Redirecting to original paper in 30 seconds...
Click below to go immediately or wait for automatic redirect
📄 Abstract
Abstract: While supervised stereo matching and monocular depth estimation have advanced
significantly with learning-based algorithms, self-supervised methods using
stereo images as supervision signals have received relatively less focus and
require further investigation. A primary challenge arises from ambiguity
introduced during photometric reconstruction, particularly due to missing
corresponding pixels in ill-posed regions of the target view, such as
occlusions and out-of-frame areas.

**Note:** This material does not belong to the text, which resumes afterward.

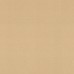 обои Rasch Natural Colors 531367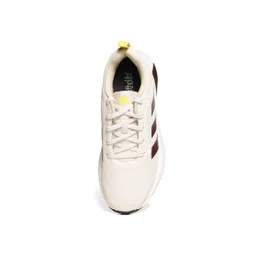 ADIDAS Footstrikke Men Running Shoes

To address this and establish explicit
photometric correspondences, we propose DMS, a model-agnostic approach that
utilizes geometric priors from diffusion models to synthesize novel views along
the epipolar direction, guided by directional prompts. Specifically, we
finetune a Stable Diffusion model to simulate perspectives at key positions:
left-left view shifted from the left camera, right-right view shifted from the
right camera, along with an additional novel view between the left and right
cameras. These synthesized views supplement occluded pixels, enabling explicit
photometric reconstruction. Our proposed DMS is a cost-free, ''plug-and-play''
method that seamlessly enhances self-supervised stereo matching and monocular
depth estimation, and relies solely on unlabeled stereo image pairs for both
training and synthesizing. Extensive experiments demonstrate the effectiveness
of our approach, with up to 35% outlier reduction and state-of-the-art
performance across multiple benchmark datasets.